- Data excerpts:
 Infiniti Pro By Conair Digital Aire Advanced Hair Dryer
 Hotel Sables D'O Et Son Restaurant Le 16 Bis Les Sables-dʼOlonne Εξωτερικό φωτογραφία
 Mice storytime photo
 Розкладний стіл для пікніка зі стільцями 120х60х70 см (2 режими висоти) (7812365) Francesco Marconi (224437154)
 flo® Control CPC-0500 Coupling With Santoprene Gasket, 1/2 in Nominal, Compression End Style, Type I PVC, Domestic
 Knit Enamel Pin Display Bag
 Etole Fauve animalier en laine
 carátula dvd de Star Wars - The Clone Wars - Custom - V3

- WHAT THIS TASK INVOLVES: For each record above, output it exactly as written.

- WRITTEN RESPONSE:
 Infiniti Pro By Conair Digital Aire Advanced Hair Dryer
 Hotel Sables D'O Et Son Restaurant Le 16 Bis Les Sables-dʼOlonne Εξωτερικό φωτογραφία
 Mice storytime photo
 Розкладний стіл для пікніка зі стільцями 120х60х70 см (2 режими висоти) (7812365) Francesco Marconi (224437154)
 flo® Control CPC-0500 Coupling With Santoprene Gasket, 1/2 in Nominal, Compression End Style, Type I PVC, Domestic
 Knit Enamel Pin Display Bag
 Etole Fauve animalier en laine
 carátula dvd de Star Wars - The Clone Wars - Custom - V3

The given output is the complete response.